- Opening Delimiter -

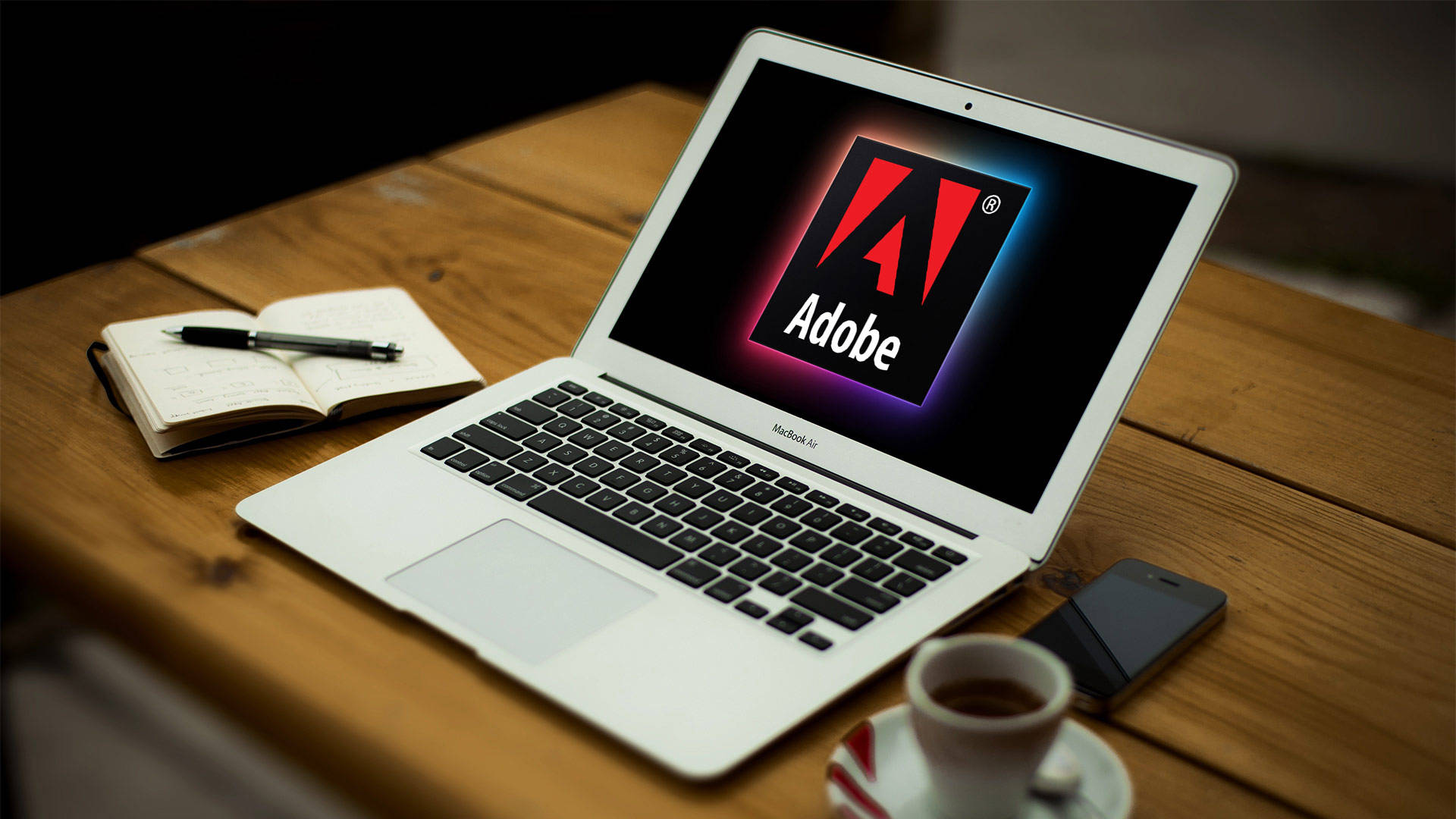 桌布 壁紙 — 一台銀色筆記型電腦顯示Adobe標誌，放在木桌上，旁邊有咖啡杯、筆記本和智慧型手機。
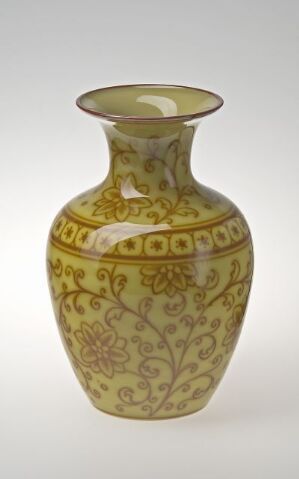  A traditional creamy yellow vase with darker yellow floral and geometric patterns, featuring a curvaceous body and a slightly flared rim.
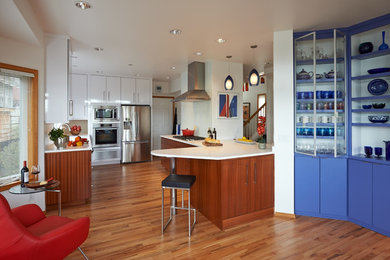 Mid-sized trendy u-shaped medium tone wood floor open concept kitchen photo in Seattle with an undermount sink, flat-panel cabinets, medium tone wood cabinets, quartz countertops, white backsplash, ceramic backsplash, stainless steel appliances and a peninsula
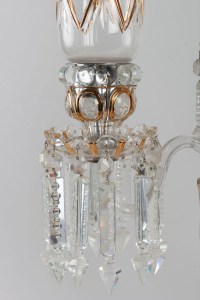 Un ensemble de trois candélabres Baccarat à trois bras de lumière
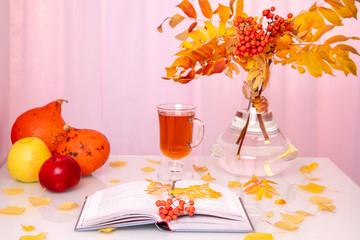 Still life with autumnal colorful red rowan branch with foliage in a glass vase, pumpkins, apples and open book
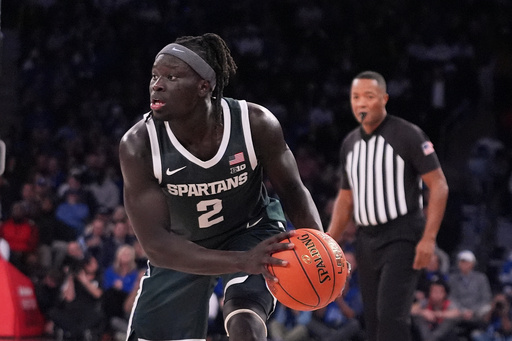 Michigan State's Kur Teng (2) looks to pass during the second half of an NCAA college basketball game against Kentucky Tuesday, Nov. 18, 2025, in New York. (AP Photo/Frank Franklin II)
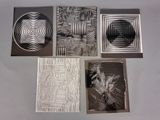 four different types of metal artwork are displayed on a table
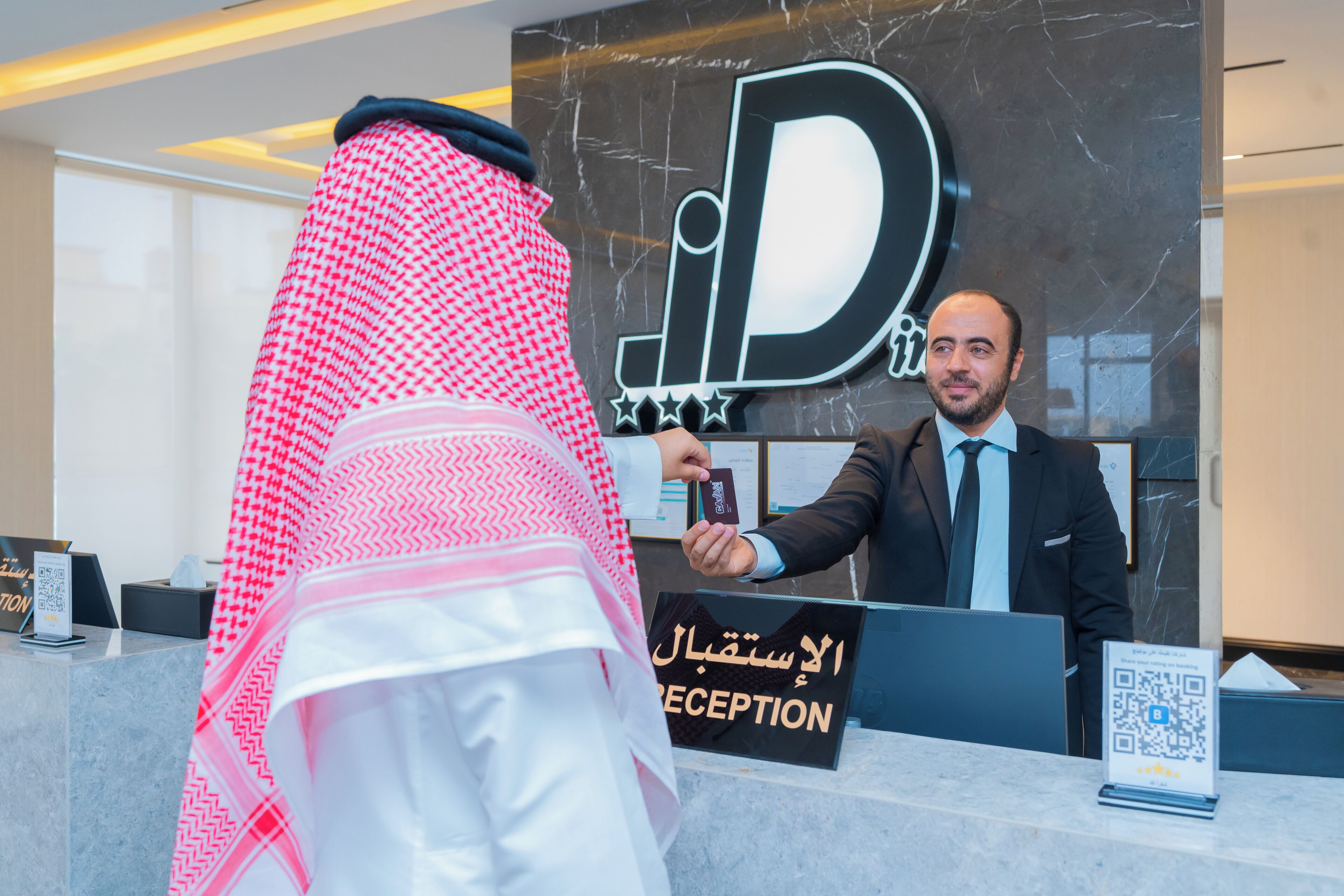 A reception desk with a sign that reads "RECEPTION" and a QR code.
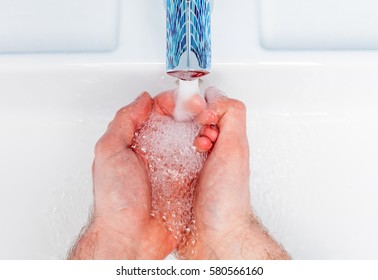 Point Of View Shot Of A Man Washing His Hands In A Bathroom Sink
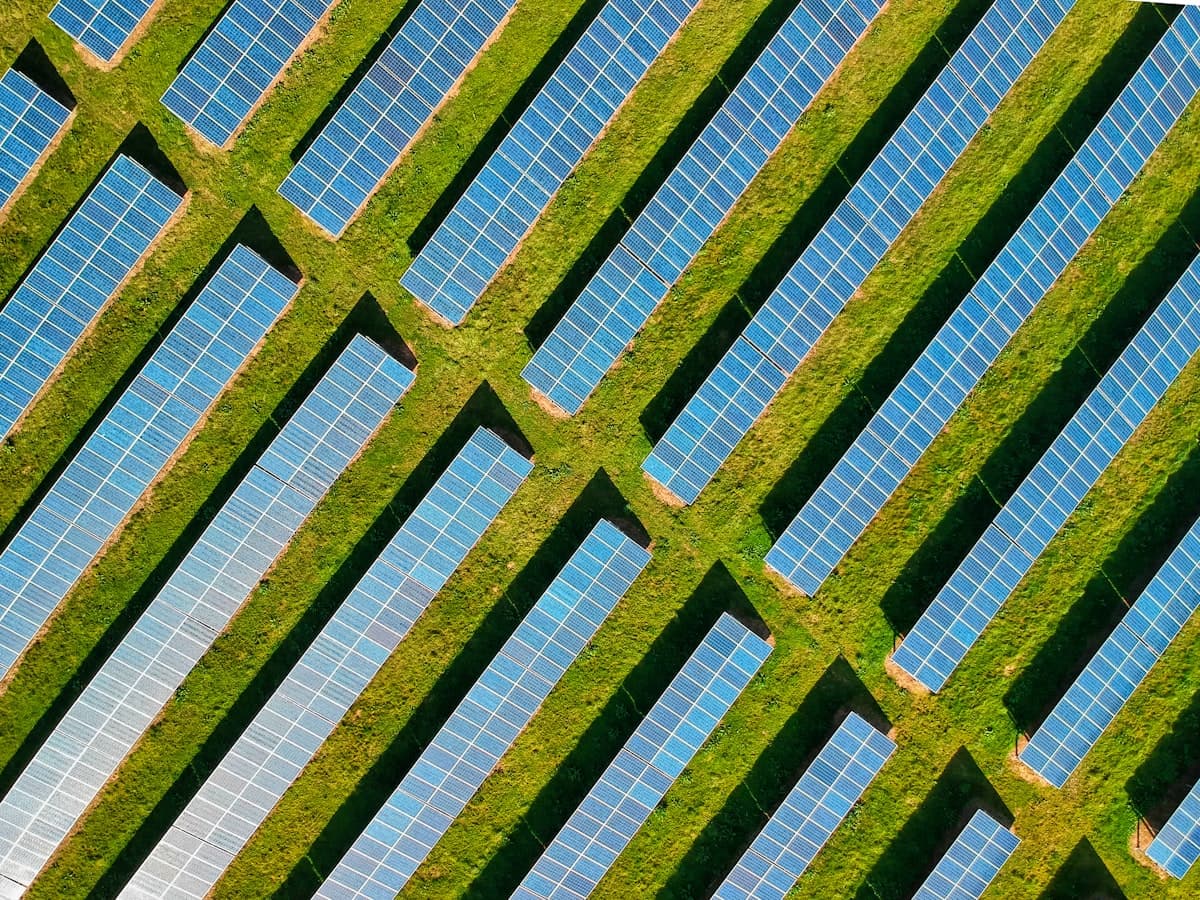 Aerial view of rows of solar panels on a solar farm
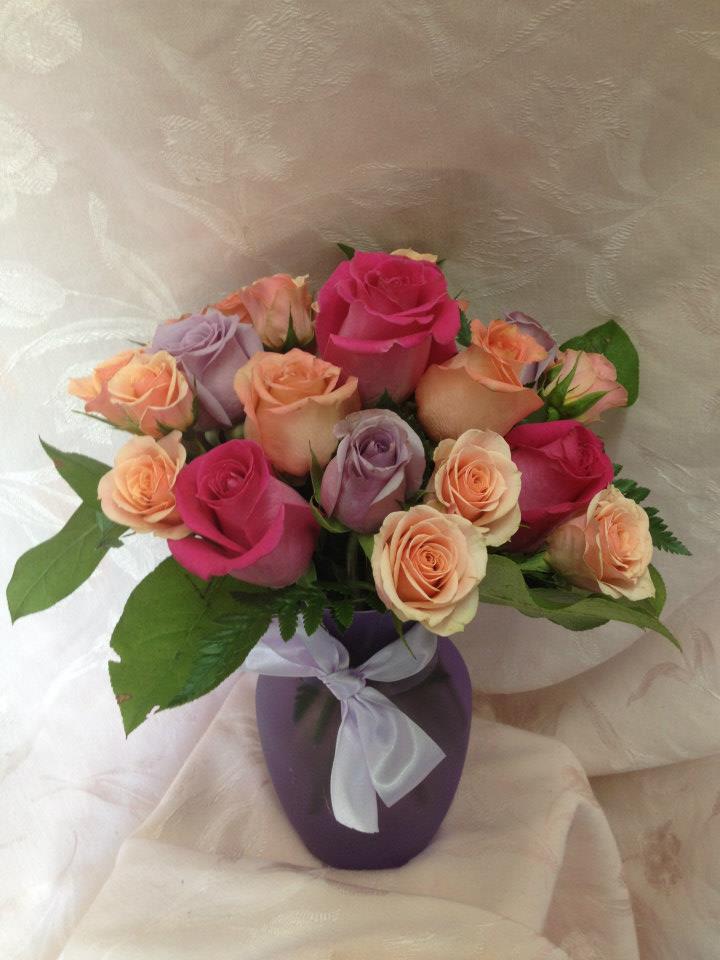 Bouquet of pink, peach, and lavender roses in a purple vase with a ribbon
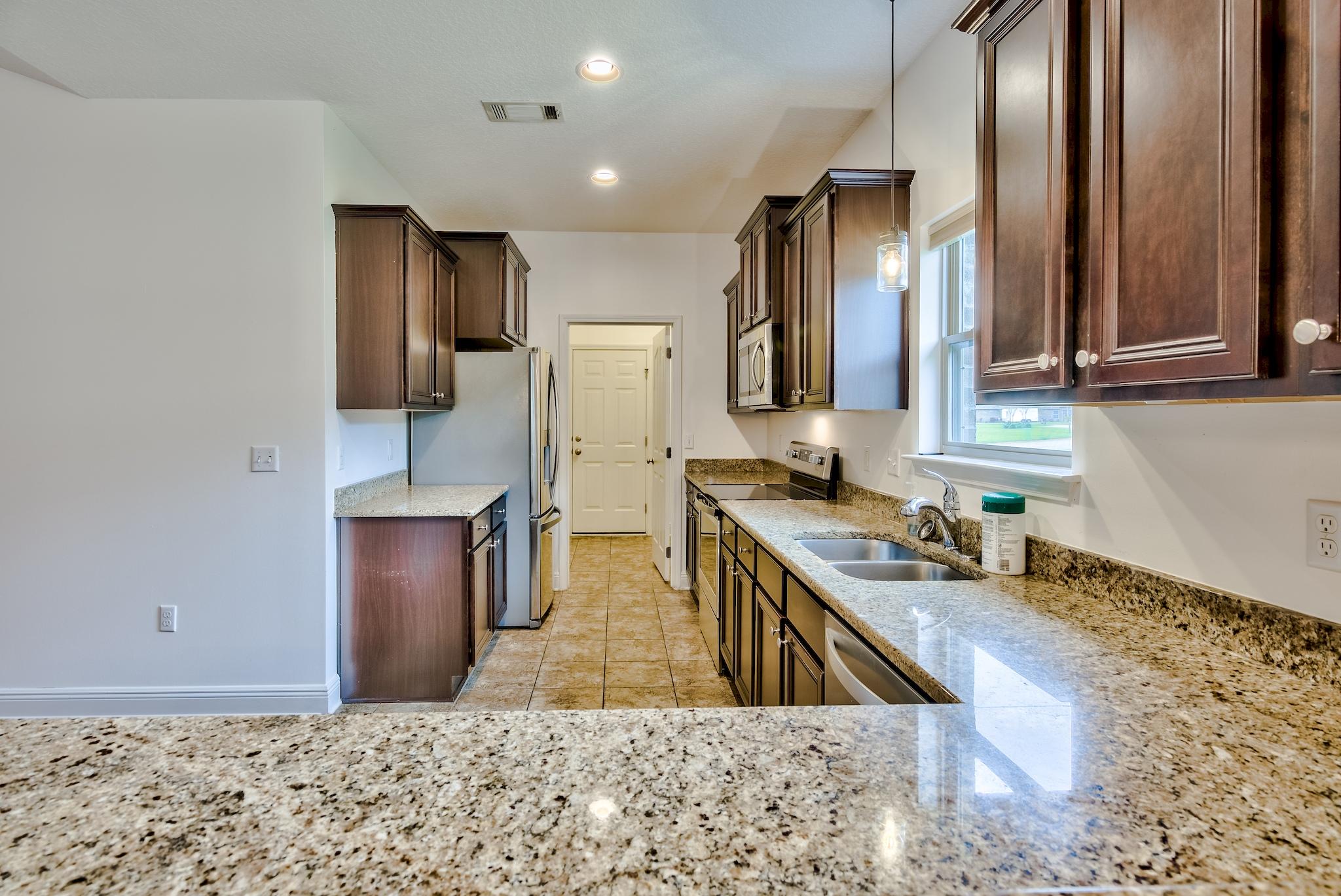 70 Riverbirch Loop Santa Rosa Beach, FL 32459 - Photo 7 of 45 a kitchen with stainless steel appliances granite countertop a refrigerator a stove and a sink with wooden floor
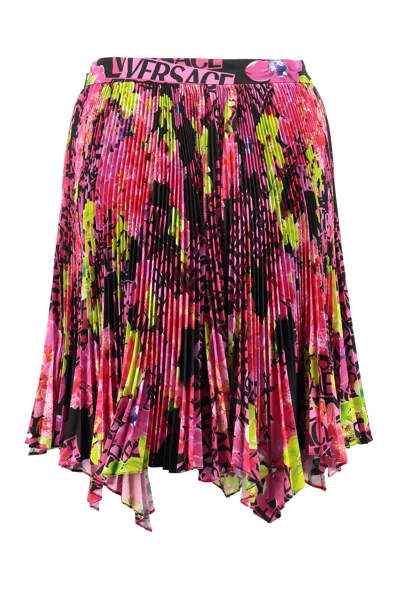 Shop Versace Floral Orchid Print Asymmetric Pleated Skirt For Women In Multicolor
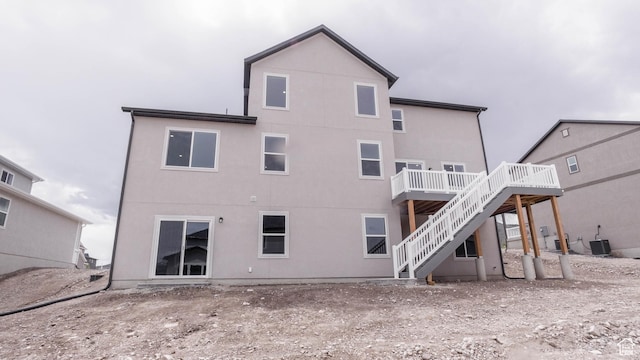 876 W Sika Cir S Unit 205, Saratoga Springs, UT 84045 - back of property with stairs, a wooden deck, and stucco siding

- Closing Delimiter -

Without the pictures, copy out each entry exactly as it stands.

 桌布 壁紙 — 一台銀色筆記型電腦顯示Adobe標誌，放在木桌上，旁邊有咖啡杯、筆記本和智慧型手機。
  A traditional creamy yellow vase with darker yellow floral and geometric patterns, featuring a curvaceous body and a slightly flared rim.
 Mid-sized trendy u-shaped medium tone wood floor open concept kitchen photo in Seattle with an undermount sink, flat-panel cabinets, medium tone wood cabinets, quartz countertops, white backsplash, ceramic backsplash, stainless steel appliances and a peninsula
 Un ensemble de trois candélabres Baccarat à trois bras de lumière
 Still life with autumnal colorful red rowan branch with foliage in a glass vase, pumpkins, apples and open book
 Michigan State's Kur Teng (2) looks to pass during the second half of an NCAA college basketball game against Kentucky Tuesday, Nov. 18, 2025, in New York. (AP Photo/Frank Franklin II)
 four different types of metal artwork are displayed on a table
 A reception desk with a sign that reads "RECEPTION" and a QR code.
 Point Of View Shot Of A Man Washing His Hands In A Bathroom Sink
 Aerial view of rows of solar panels on a solar farm
 Bouquet of pink, peach, and lavender roses in a purple vase with a ribbon
 70 Riverbirch Loop Santa Rosa Beach, FL 32459 - Photo 7 of 45 a kitchen with stainless steel appliances granite countertop a refrigerator a stove and a sink with wooden floor
 Shop Versace Floral Orchid Print Asymmetric Pleated Skirt For Women In Multicolor
 876 W Sika Cir S Unit 205, Saratoga Springs, UT 84045 - back of property with stairs, a wooden deck, and stucco siding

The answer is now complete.